Когда-то давно, раз или два, мне с ней было легко и про­сто. Набирая номер ее телефона или приезжая к ней, я кото­рый раз надеюсь, что снова будет легко и просто...

Ксю, я сейчас приеду.

Как хочешь...

И я еду.

СТО ДОЛЛАРОВ

Итак, передо мной стоит простая задача. До восьми часов вечера раздобыть сто долларов.

Сама задача действительно проста. В ней все предельно ясно. Сложность заключается в ее решении.

Сейчас полдвенадцатого.
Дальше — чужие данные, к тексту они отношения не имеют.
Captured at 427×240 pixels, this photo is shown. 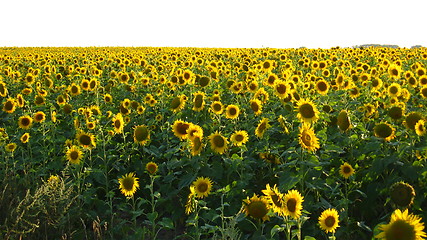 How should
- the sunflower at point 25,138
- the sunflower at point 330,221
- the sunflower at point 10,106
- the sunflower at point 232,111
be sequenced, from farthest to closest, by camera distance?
1. the sunflower at point 10,106
2. the sunflower at point 25,138
3. the sunflower at point 232,111
4. the sunflower at point 330,221

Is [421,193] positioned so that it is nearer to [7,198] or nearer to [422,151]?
[422,151]

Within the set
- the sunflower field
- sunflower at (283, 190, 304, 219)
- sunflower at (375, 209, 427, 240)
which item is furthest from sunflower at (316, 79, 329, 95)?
sunflower at (375, 209, 427, 240)

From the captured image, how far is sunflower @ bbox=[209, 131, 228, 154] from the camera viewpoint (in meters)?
4.80

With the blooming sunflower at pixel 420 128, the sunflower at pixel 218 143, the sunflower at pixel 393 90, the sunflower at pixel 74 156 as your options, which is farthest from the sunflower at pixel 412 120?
the sunflower at pixel 74 156

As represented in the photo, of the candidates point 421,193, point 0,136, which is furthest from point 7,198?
point 421,193

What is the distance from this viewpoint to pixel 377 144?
470 cm

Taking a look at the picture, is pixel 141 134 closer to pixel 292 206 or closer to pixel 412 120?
pixel 292 206

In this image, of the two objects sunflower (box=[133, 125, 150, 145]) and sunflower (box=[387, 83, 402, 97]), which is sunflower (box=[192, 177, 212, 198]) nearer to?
sunflower (box=[133, 125, 150, 145])

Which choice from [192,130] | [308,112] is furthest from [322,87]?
[192,130]

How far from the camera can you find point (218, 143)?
4.80 m

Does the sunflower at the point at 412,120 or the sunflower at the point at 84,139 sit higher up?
the sunflower at the point at 412,120

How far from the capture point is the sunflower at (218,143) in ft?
15.7

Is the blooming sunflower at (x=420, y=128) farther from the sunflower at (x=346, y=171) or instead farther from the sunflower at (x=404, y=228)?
the sunflower at (x=404, y=228)

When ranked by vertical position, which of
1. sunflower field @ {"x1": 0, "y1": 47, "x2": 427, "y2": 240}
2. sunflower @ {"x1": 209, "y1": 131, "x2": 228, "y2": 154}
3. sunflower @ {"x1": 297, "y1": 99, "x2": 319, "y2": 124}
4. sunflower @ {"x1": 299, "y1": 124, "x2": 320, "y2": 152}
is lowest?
sunflower field @ {"x1": 0, "y1": 47, "x2": 427, "y2": 240} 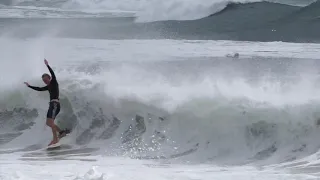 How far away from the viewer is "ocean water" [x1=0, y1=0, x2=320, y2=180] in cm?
880

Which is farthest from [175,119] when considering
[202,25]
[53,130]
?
[202,25]

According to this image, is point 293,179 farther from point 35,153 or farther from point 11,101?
point 11,101

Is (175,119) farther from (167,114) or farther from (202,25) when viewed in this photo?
(202,25)

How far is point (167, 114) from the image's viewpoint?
11.4 meters

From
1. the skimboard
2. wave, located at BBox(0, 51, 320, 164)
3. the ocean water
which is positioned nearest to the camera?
the ocean water

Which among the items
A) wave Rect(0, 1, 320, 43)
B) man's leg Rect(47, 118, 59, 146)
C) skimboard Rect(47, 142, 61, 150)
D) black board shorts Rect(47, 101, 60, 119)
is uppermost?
wave Rect(0, 1, 320, 43)

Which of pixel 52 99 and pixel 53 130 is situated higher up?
pixel 52 99

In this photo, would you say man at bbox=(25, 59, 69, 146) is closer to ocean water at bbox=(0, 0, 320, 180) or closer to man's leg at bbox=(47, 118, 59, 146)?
man's leg at bbox=(47, 118, 59, 146)

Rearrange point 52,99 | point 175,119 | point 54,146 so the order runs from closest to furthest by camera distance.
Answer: point 54,146 < point 52,99 < point 175,119

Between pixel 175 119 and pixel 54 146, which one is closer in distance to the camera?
pixel 54 146

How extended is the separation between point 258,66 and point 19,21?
1921 centimetres

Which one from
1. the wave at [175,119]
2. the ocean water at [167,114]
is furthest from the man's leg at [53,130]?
the wave at [175,119]

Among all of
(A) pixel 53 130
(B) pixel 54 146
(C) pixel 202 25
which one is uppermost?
(C) pixel 202 25

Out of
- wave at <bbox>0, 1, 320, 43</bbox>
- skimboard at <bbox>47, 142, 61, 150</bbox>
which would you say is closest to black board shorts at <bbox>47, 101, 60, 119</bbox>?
skimboard at <bbox>47, 142, 61, 150</bbox> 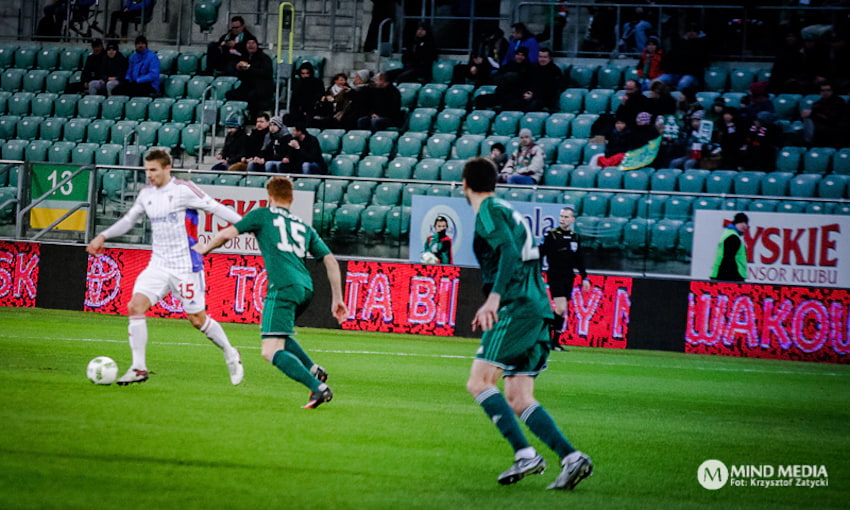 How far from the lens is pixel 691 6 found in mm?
22891

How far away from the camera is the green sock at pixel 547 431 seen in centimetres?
664

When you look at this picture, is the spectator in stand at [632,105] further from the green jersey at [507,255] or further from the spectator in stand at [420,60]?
the green jersey at [507,255]

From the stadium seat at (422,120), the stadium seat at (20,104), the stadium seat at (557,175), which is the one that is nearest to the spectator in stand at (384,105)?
the stadium seat at (422,120)

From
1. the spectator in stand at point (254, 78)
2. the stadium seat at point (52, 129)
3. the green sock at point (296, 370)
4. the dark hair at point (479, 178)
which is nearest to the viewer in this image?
the dark hair at point (479, 178)

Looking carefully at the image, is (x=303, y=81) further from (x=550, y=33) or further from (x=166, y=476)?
(x=166, y=476)

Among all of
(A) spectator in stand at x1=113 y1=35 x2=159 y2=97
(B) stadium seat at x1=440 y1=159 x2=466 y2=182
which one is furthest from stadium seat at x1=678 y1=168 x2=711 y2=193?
(A) spectator in stand at x1=113 y1=35 x2=159 y2=97

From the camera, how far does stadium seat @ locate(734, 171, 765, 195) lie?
62.6 ft

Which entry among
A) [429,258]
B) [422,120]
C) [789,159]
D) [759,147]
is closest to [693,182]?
[759,147]

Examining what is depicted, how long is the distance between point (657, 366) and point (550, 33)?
11.0 metres

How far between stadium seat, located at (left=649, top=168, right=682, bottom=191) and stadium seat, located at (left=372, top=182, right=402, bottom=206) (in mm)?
4586

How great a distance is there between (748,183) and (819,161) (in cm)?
169

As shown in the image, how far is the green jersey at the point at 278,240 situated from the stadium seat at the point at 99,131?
51.2 feet

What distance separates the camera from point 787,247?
670 inches

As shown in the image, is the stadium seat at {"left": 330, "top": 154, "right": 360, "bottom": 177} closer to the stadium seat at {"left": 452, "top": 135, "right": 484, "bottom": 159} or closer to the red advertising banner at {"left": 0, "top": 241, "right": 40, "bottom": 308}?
the stadium seat at {"left": 452, "top": 135, "right": 484, "bottom": 159} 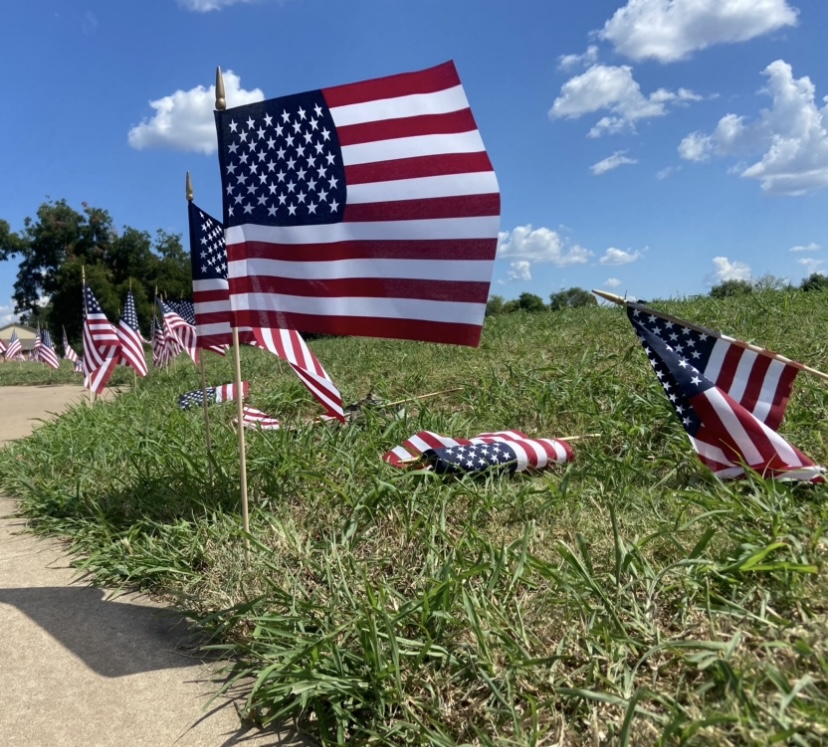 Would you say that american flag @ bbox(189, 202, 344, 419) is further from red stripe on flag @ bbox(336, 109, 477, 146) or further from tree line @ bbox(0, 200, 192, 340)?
tree line @ bbox(0, 200, 192, 340)

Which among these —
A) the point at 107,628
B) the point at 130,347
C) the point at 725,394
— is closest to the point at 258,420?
the point at 107,628

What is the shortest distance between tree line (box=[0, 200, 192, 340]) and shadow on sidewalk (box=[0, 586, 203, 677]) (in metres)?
29.7

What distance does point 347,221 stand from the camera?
9.57 ft

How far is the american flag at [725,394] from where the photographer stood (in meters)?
3.18

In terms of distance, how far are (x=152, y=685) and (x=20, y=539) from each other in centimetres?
219

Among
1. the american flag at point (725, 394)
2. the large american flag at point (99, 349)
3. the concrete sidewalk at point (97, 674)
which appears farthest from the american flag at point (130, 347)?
the american flag at point (725, 394)

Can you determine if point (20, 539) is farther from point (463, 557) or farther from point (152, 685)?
point (463, 557)

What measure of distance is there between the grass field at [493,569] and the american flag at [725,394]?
0.15 meters

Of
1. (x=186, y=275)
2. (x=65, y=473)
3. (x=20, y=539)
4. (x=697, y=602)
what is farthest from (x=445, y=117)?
(x=186, y=275)

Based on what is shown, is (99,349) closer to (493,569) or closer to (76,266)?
(493,569)

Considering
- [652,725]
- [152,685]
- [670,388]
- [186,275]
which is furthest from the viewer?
[186,275]

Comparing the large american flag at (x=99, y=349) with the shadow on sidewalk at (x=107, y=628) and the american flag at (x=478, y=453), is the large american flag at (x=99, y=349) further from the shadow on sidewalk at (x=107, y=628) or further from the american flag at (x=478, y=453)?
the american flag at (x=478, y=453)

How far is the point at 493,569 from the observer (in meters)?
2.46

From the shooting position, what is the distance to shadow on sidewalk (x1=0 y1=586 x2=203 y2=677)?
2.55m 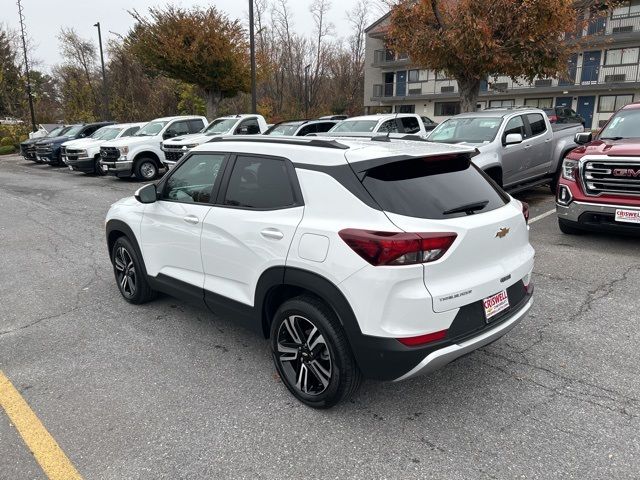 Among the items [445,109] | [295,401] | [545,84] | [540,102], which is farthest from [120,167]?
[540,102]

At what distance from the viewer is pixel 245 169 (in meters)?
3.73

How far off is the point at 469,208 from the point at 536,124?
7.82m

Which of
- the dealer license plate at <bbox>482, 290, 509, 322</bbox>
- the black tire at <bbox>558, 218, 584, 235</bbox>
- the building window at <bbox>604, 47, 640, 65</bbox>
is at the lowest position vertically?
the black tire at <bbox>558, 218, 584, 235</bbox>

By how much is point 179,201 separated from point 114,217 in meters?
1.21

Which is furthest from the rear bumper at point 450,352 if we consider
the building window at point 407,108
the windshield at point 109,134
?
the building window at point 407,108

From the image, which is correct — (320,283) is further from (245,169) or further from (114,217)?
(114,217)

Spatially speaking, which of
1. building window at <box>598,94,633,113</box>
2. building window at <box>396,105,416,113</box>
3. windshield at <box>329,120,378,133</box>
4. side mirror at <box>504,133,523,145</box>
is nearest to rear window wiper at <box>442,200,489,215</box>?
side mirror at <box>504,133,523,145</box>

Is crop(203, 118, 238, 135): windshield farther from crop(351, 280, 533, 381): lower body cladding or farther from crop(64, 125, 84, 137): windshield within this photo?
crop(351, 280, 533, 381): lower body cladding

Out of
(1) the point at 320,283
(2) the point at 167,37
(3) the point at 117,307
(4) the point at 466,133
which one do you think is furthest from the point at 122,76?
(1) the point at 320,283

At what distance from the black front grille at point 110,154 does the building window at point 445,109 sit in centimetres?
2921

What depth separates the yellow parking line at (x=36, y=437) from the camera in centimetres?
271

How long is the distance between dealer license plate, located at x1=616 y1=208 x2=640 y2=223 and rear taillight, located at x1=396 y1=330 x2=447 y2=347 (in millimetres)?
4799

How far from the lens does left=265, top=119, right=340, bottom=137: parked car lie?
47.6ft

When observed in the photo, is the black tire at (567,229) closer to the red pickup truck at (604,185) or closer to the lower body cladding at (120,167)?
the red pickup truck at (604,185) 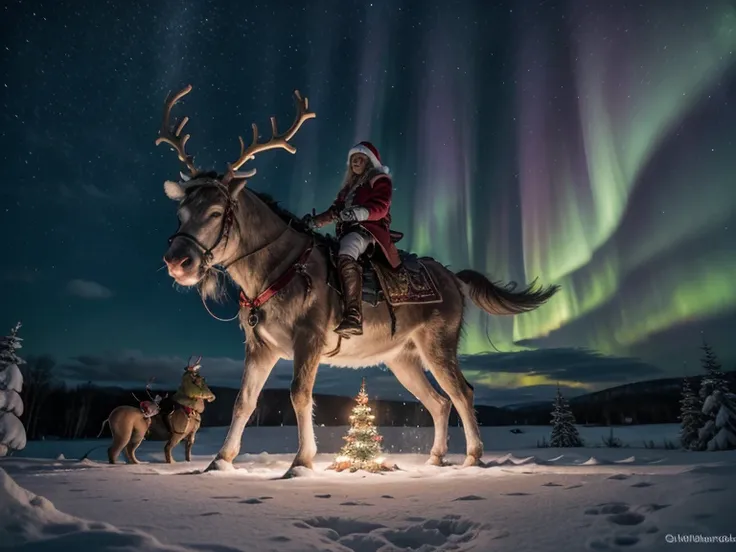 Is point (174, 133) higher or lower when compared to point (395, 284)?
higher

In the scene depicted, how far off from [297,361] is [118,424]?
220cm

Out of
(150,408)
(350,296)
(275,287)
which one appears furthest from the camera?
(150,408)

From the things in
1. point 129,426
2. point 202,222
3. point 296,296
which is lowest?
point 129,426

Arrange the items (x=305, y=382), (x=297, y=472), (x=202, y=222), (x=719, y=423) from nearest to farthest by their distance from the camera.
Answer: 1. (x=297, y=472)
2. (x=202, y=222)
3. (x=305, y=382)
4. (x=719, y=423)

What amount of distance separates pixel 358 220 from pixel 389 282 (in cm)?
87

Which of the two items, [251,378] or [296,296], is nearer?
[296,296]

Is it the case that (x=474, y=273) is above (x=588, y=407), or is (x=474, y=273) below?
above

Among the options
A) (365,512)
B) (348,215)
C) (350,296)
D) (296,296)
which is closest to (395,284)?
(350,296)

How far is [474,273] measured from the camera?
724 centimetres

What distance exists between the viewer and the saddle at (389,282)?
228 inches

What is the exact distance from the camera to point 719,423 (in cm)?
949

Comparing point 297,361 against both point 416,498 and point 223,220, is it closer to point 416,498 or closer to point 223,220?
point 223,220

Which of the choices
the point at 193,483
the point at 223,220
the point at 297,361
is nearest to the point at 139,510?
the point at 193,483

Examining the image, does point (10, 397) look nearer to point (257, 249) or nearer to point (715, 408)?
point (257, 249) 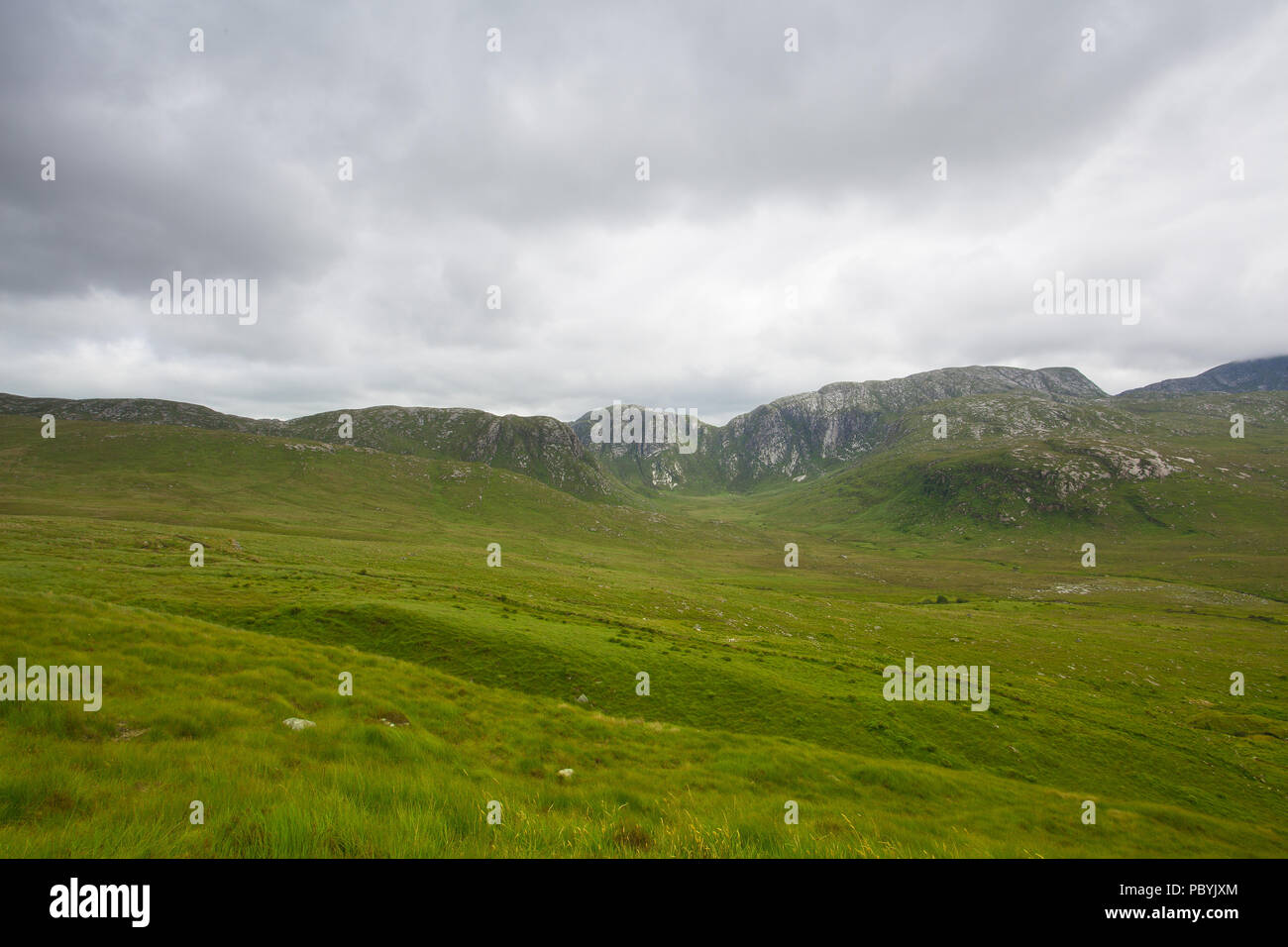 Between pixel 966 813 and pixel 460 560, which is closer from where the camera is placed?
pixel 966 813

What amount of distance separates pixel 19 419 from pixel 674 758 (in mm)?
295811

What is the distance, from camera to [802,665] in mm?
32438

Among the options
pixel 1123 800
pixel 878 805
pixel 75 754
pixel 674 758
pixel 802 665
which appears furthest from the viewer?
pixel 802 665

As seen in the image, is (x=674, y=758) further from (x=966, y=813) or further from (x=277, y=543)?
(x=277, y=543)

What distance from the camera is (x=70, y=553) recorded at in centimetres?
3903

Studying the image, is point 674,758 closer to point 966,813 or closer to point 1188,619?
point 966,813

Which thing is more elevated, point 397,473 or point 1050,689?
point 397,473

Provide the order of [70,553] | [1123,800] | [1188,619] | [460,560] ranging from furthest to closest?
[1188,619] → [460,560] → [70,553] → [1123,800]

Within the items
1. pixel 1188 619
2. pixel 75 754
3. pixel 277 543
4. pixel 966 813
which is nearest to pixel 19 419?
pixel 277 543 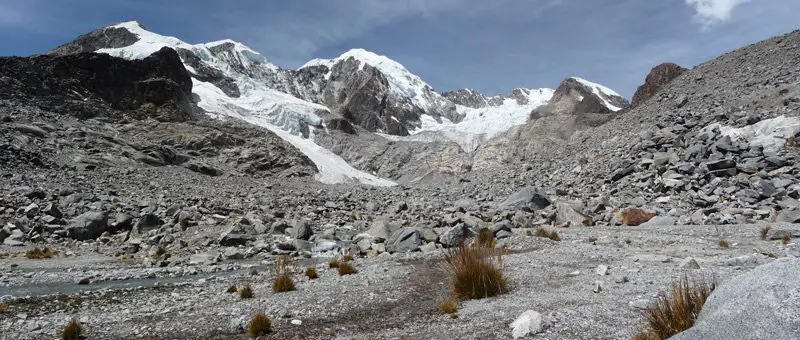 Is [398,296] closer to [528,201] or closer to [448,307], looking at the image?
[448,307]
В моем распоряжении девять часов тридцать минут.

Мысленно я роюсь во всех своих карманах, хотя пони­маю, что найти в них хоть копейку как раз абсолютно немыс­лимо. Ибо в памяти еще свежо воспоминание о том, как я ры­скал вчера по всей квартире в поисках двадцати пяти копеек, которых не хватало на пачку сигарет; и которые я так и не нашел, и обещал их толстой, краснощекой продавщице сего­дня занести.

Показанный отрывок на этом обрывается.